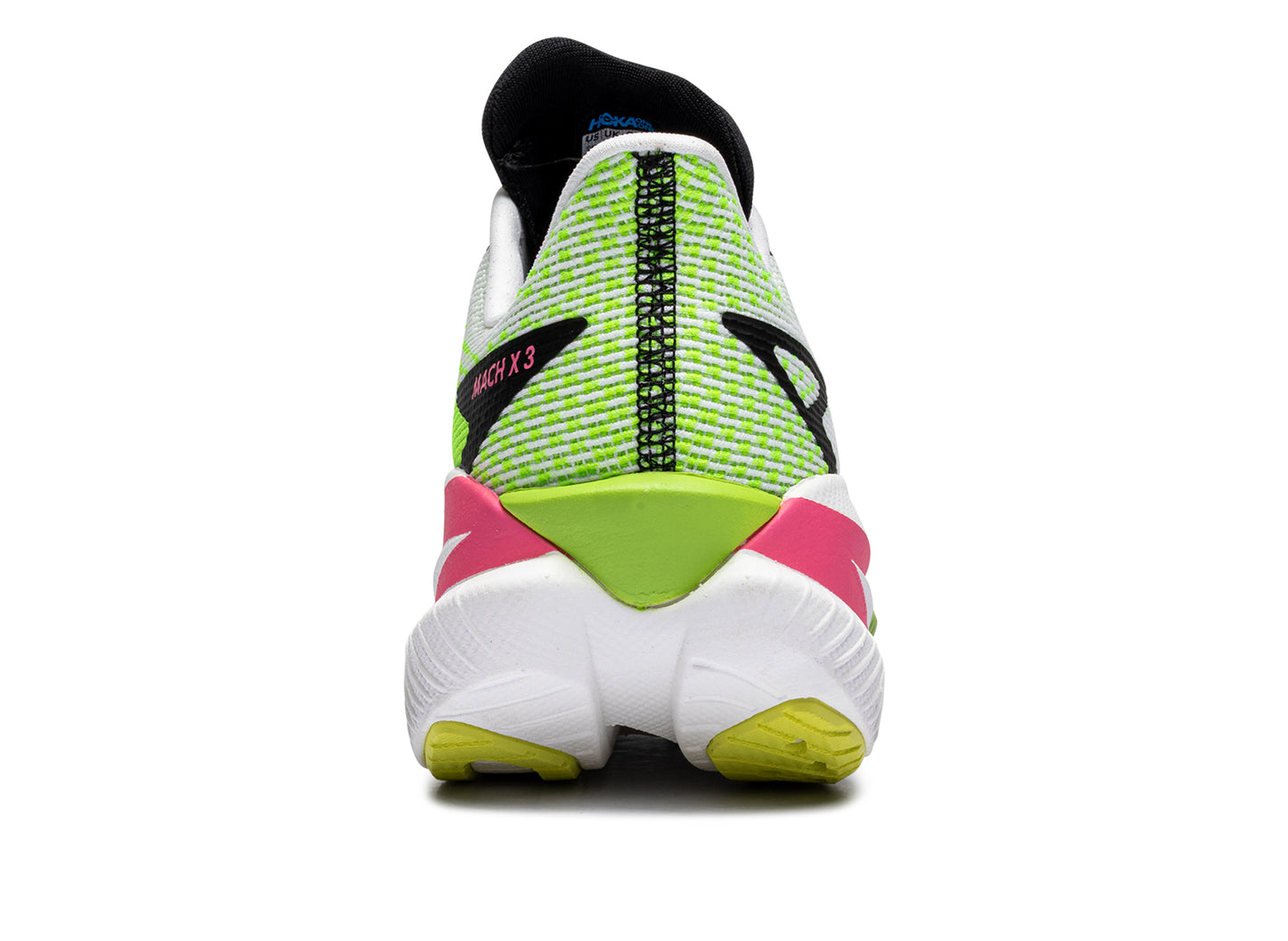 Hoka Mach X 3 para mujer 'White / Neon Lime'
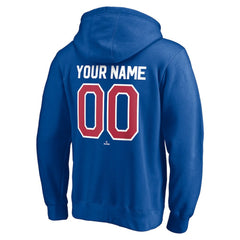 Royal Chicago Cubs Cooperstown Winning Streak Personalized Name & Number Pullover Hoodie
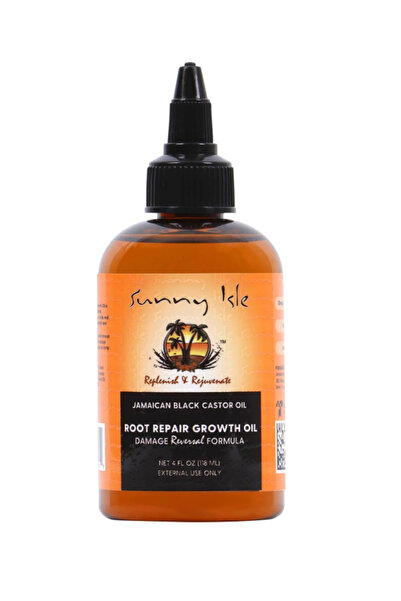 Sunny Isle Jamaican Black Castor Oil Root Repair Growth Oil, Brown 4 Fl Oz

How to complete this task => Word for word, return the material above, but drop the pictures.

Written response =>
 Hoka Mach X 3 para mujer 'White / Neon Lime'
 Royal Chicago Cubs Cooperstown Winning Streak Personalized Name & Number Pullover Hoodie
 Sunny Isle Jamaican Black Castor Oil Root Repair Growth Oil, Brown 4 Fl Oz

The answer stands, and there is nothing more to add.